For the global contest, the challenge was defined through consultation with TDR, hosted at the World Health Organization, and at regional level in Latin America, through consultation with the PAHO, based on key priorities in LMICs of neglected tropical diseases and primary health service delivery. At national level, each implementing partner defined the challenge through consultation with their National Ministry of Health, based on key national priorities (see Table 2).
Stakeholder consultation on the challenge ensured that it was aligned to a global, regional or national priority. Consultation with these institutions enhanced their ownership of the contest and their support during the selection process, while fostering interest in the uptake of the SI initiatives identified (see Step 5).
The request put forward to potential applicants was to share any creative solution they had developed and implemented in response to the challenge area in LMICs or select countries.
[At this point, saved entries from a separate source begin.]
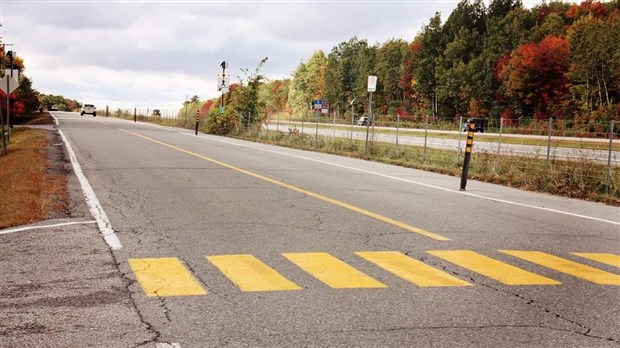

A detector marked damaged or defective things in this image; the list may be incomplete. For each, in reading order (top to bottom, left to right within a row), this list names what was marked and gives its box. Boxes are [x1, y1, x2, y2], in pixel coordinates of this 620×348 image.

cracked asphalt [2, 112, 616, 348] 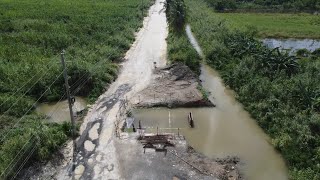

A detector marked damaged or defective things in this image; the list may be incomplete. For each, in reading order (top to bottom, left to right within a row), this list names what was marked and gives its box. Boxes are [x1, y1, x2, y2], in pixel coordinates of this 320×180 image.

damaged road section [132, 63, 215, 108] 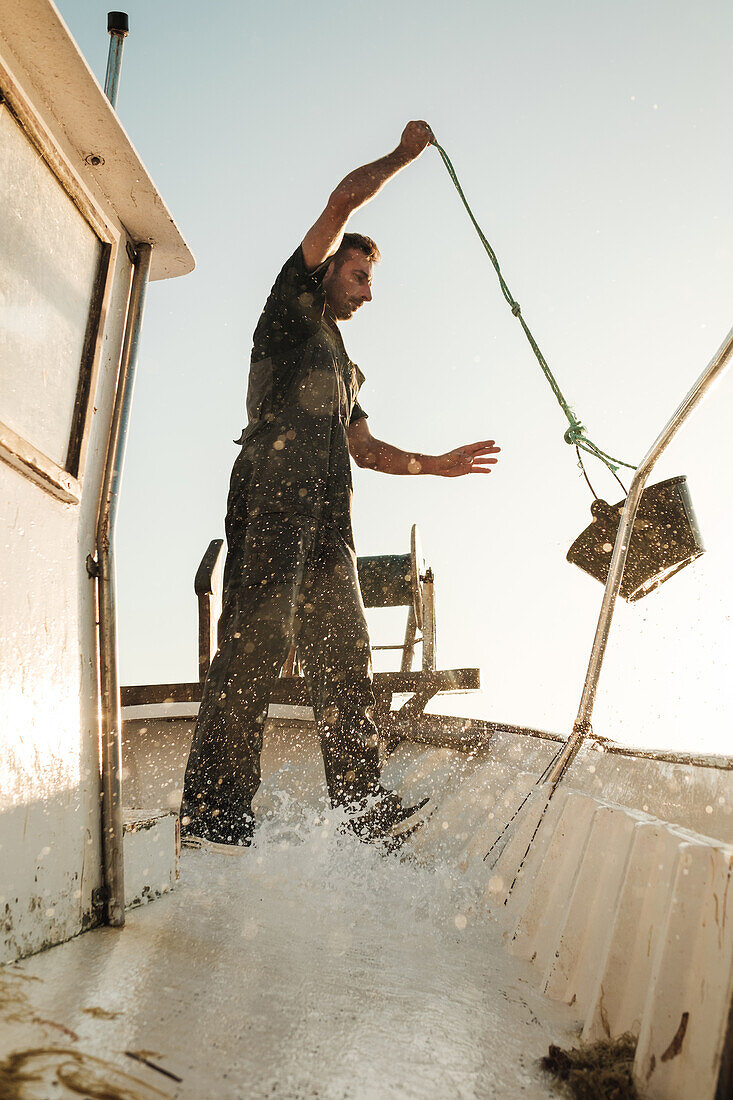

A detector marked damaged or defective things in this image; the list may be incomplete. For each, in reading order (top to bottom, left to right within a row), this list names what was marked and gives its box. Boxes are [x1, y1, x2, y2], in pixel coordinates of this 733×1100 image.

rust stain [655, 1007, 686, 1060]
As SI is not a well-described concept in LMICs, and because people often do not qualify their own work as innovative, but rather, a simple solution to a given problem, the words ‘social innovation’ and ‘innovation’ were used sparingly and instead, the words ‘creative solutions’ were used. At the same time, it was acknowledged that any terminology, especially with translation, carries a risk of bias in interpretation by potential applicants.
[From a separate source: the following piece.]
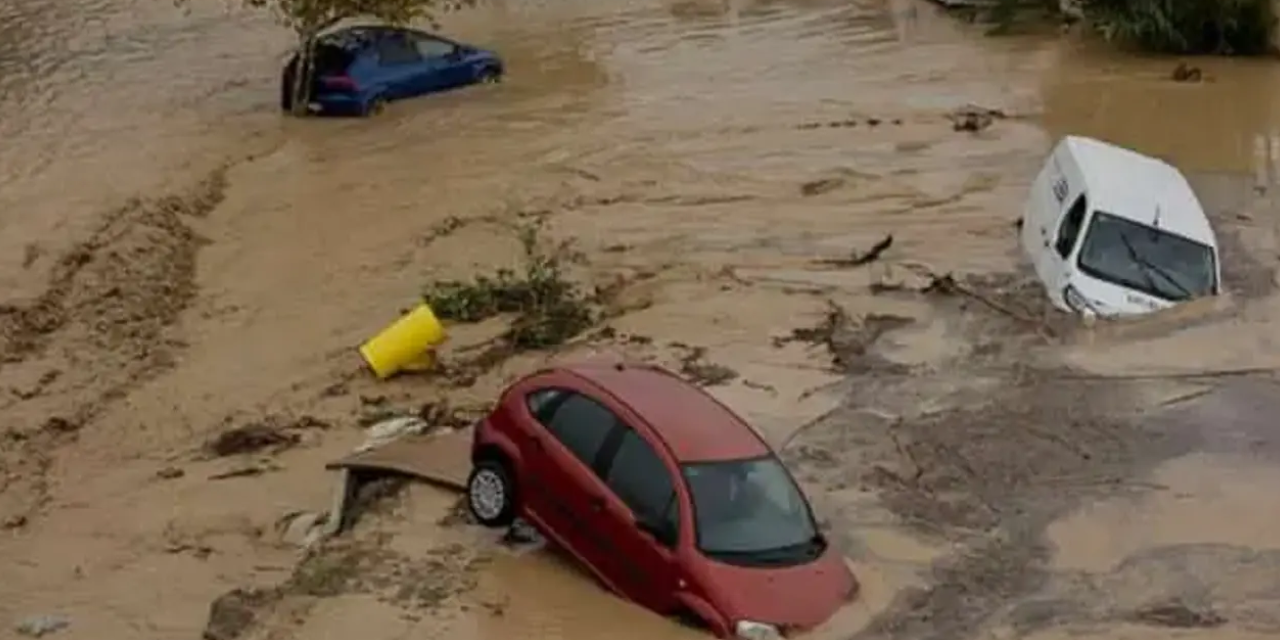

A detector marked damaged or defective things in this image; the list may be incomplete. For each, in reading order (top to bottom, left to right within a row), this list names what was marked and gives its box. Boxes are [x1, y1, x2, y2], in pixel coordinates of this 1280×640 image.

overturned white van [1020, 136, 1216, 318] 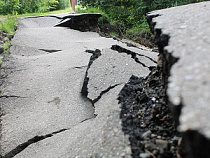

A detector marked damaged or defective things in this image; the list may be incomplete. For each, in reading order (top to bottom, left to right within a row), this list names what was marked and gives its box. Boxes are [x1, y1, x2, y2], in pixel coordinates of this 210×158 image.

cracked asphalt [0, 13, 158, 158]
Innovation challenges framed broadly in non-medical terms — for example, “Have you developed a creative solution that has transformed healthcare for mothers and babies in Uganda?” — received higher participation rates with greater diversity of applicants as compared to challenges that were framed using more technical and medicalised language, such as in the Latin American and Caribbean regional contest.
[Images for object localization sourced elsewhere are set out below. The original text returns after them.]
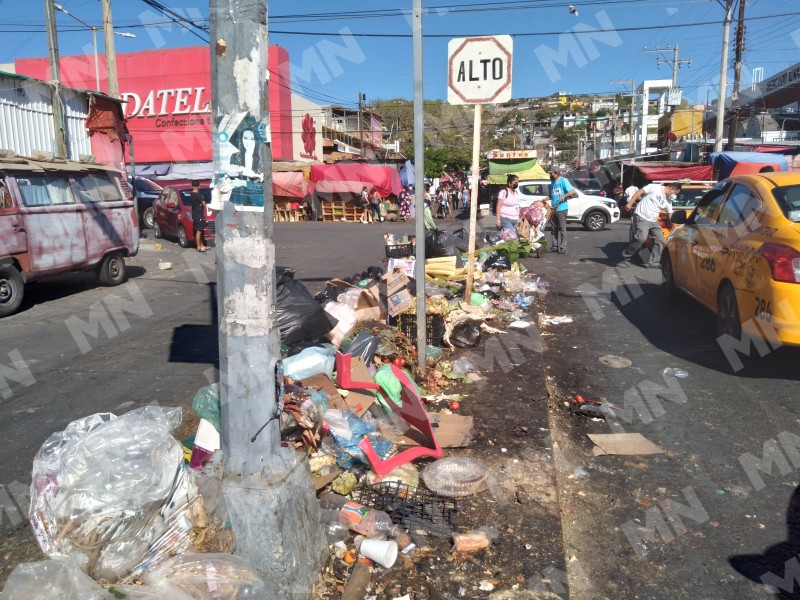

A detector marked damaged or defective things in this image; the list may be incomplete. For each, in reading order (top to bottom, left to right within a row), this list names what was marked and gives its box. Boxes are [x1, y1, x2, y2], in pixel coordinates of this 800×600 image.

rusty van [0, 152, 139, 316]
broken plastic chair [332, 350, 380, 392]
broken plastic chair [360, 364, 446, 476] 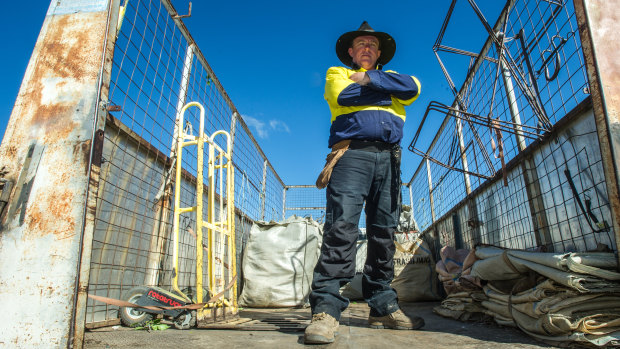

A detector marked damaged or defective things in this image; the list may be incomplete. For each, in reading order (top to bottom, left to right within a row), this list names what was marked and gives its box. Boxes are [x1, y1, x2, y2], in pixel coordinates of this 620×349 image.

rusted metal surface [0, 1, 114, 346]
rusted metal surface [572, 0, 620, 264] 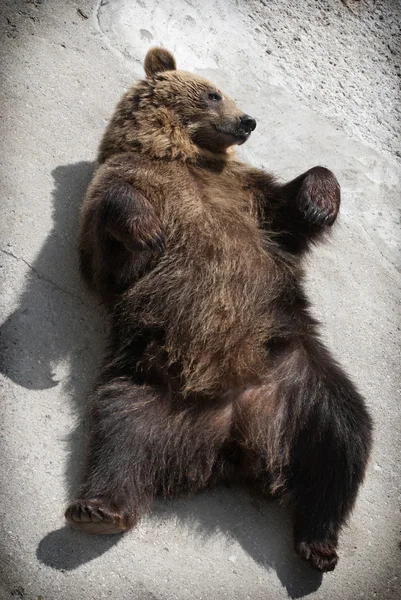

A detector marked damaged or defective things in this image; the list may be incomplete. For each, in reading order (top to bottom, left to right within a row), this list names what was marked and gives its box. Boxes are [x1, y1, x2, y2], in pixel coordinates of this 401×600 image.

crack in concrete [0, 246, 88, 308] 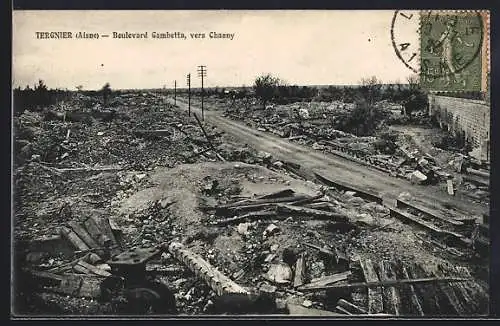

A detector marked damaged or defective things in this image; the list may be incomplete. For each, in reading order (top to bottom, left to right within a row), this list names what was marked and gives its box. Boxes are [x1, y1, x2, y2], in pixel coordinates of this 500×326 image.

broken timber [166, 241, 248, 296] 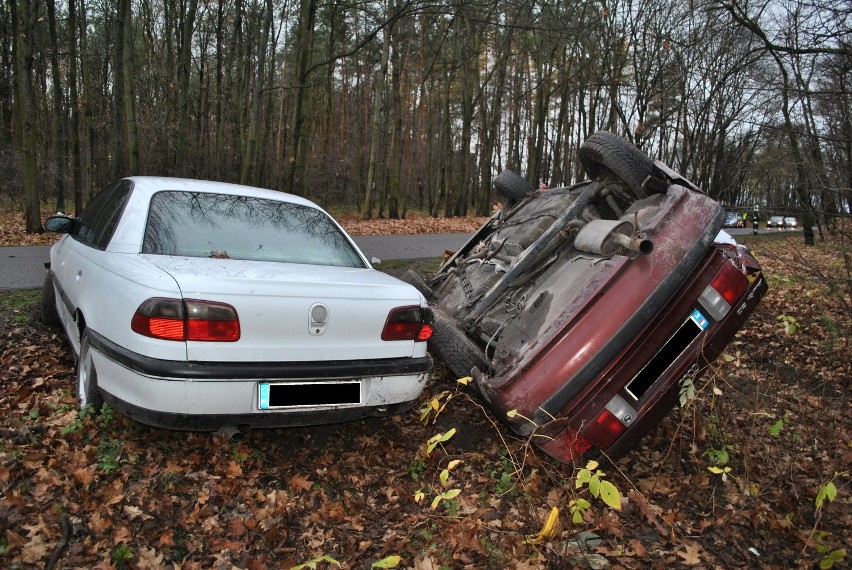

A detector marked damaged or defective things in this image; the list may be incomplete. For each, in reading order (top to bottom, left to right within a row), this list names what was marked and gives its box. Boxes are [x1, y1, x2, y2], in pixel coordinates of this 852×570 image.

overturned car [406, 132, 764, 462] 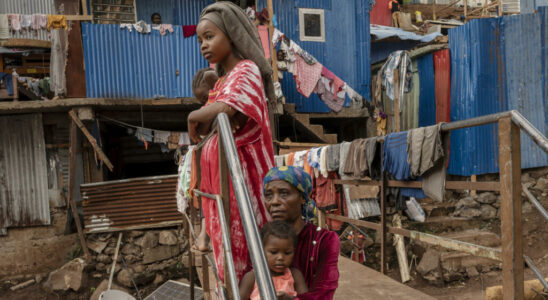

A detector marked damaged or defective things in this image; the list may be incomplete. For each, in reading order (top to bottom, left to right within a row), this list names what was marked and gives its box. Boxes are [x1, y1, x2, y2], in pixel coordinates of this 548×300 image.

rusty metal roof [0, 113, 49, 229]
rusty metal roof [81, 175, 182, 233]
Step 2: Design locally relevant communication strategies and promote the contest
Prior to launching the crowdsourcing contest, a contest promotion strategy was defined, supported by various communication products. To reach the widest possible audience, a contact list was developed; this included all known health implementers in each setting including international agencies, government bodies, universities, not-for-profits, private organisations, innovation incubators, professional bodies and community groups. A communication schedule was developed to ensure that all organisations were reached while promoting the contest. The communication products included flyers, posters, a video promoting the contest, videos sharing examples of social innovations (where available), and a social media campaign leveraging Facebook, Twitter, and LinkedIn. The package was tailored to be geographically and culturally representative to each setting using representative images and was translated into the main local languages. Context specific strategies were adopted to disseminate the communication products (see Table 3).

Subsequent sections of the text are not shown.